Charity
A 15½ hole? How tour pros helped the Travelers Championship launch its unique umbrella challenge

Jared Wickerham
The 40-foot red umbrella at the Travelers Championship wasn’t made to shield anyone from rain. Nor was it supposed to become a bullseye.
Instead, influenced by TV shots from a blimp of the pond surrounding the 15th, 16th and 17th holes at TPC River Highlands, the umbrella was meant as an advertisement for Travelers, which has sponsored the PGA Tour event in Cromwell, Conn., since 2007 and whose logo is a red umbrella.
But golfers had a more creative idea.
Quickly after the umbrella’s installation in 2008, it became a target players yearned to hit—which, if they did, would send golf balls flying nearly 30 feet in the air.
This spurred The Umbrella at 15½ Challenge’s creation, which has become a Travelers Championship staple since 2010. The player who lands their shot closest to the pin at the 85-yard Par 1 hole—which sits on the umbrella floating in the pond between the 15th and 16th holes—is rewarded by having Travelers donate $10,000 to his charity of choice. Though the shot doesn’t count toward a player’s scorecard during the Tuesday practice round, it has added a unique flavor to what is now the final Signature Event on the PGA Tour schedule.
“Every [tournament] has something, and I think this is just our thing,” said Andy Bessette, the Executive Vice President and Chief Administration Officer of The Travelers Companies.
While seemingly a simple shot, only about 25 percent of players hit the green, and nobody has made a hole-in-one during the competition. The closest anyone has come was Brian Gay, who was an inch away in 2016. Beyond the players tournament, the Travelers Championship also added a caddie tournament, where the winner is awarded a $500 gift card.
Though the 40-foot umbrella theoretically gives players a lot of wiggle room to at least get their shot on the green, the canopy’s surface only extends about 10 feet, forcing a precise shot to have a chance of landing near the pin. But when the umbrella was first created and purely made of metal, players had no chance.
“It was hilarious, in the early years when you watched it bounce, I'm not exaggerating, the thing would hit it and bounce 30 feet in the air,” Bessette said. “And I'm like, ‘Well, that's gonna suck.’ I mean, nothing's gonna hold on that. It's impossible.”
As players kept trying to hit the umbrella, Nathan Grube, the Travelers Championship tournament director, said discussions began about tying a charitable event to it. Once they realized they could put a green on the umbrella, it went from a concrete idea to an engineering project.

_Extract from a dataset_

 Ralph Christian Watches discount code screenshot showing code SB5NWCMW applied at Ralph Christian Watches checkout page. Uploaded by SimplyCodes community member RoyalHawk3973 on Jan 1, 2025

Over the following couple of years, a lot of trial and error ensued. As Grube noted, people don’t just make greens to hold an 85-yard golf shot, and certainly not on a floating 40-foot umbrella in the middle of a pond.

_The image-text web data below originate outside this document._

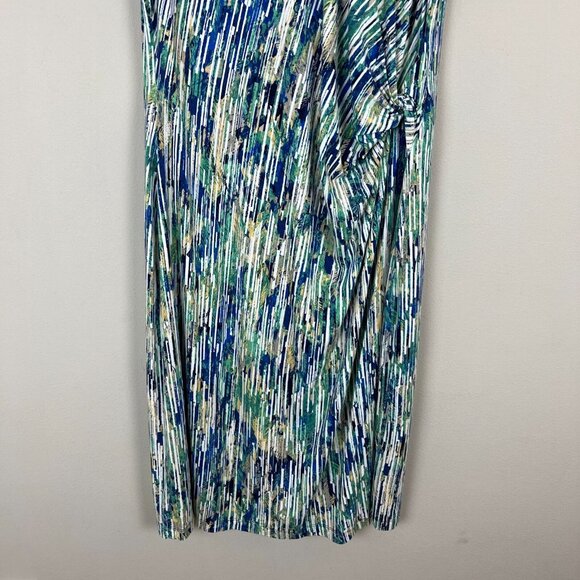 Nic+Zoe Dress XL Blue Geometric Gathered Waist Twist Stretch Knit Sleeveless - Picture 10 of 13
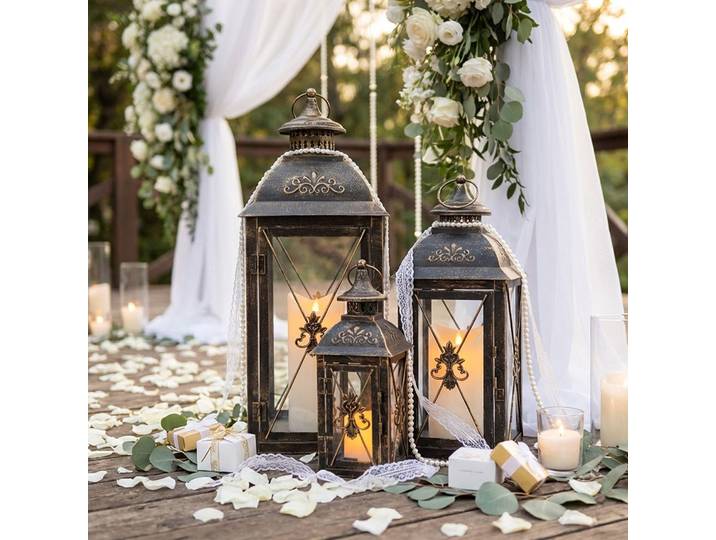Ensemble de 3 lanternes à bougies noires rétro pour mariage, grandes lanternes en fer pour l'extérieur, lanternes suspendues en verre pour bougies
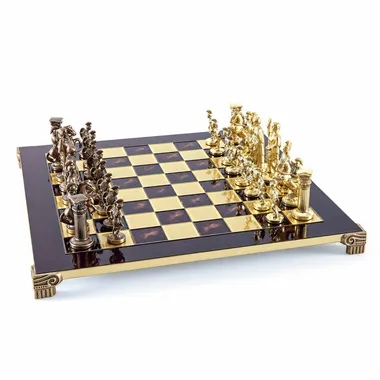 Greco-Roman bronze and gold chess set, overview on burgundy board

Ahead of the 2010 Travelers, a model with a variety of “floating stuff underneath,” including styrofoam, and an astroturf on top helped create a playable green. Instead of balls walloping 30 feet in the air, the new model effectively held shots as they landed, with some balls even spinning a little bit.
As the challenge approached its official debut, Grube said a permanent mat was put in place, stone surrounding the hitting area and a sign built. But they still needed a name.
“We were joking, we were like, ‘Is this the 19th hole?’ ” Grube said. “No, this is the spot between 15 and 16. It’s 15½.
“I remember when somebody came up with that, we all went, ‘can we do that? Can we say that?’”
They could, and The Umbrella at 15½ Challenge was born.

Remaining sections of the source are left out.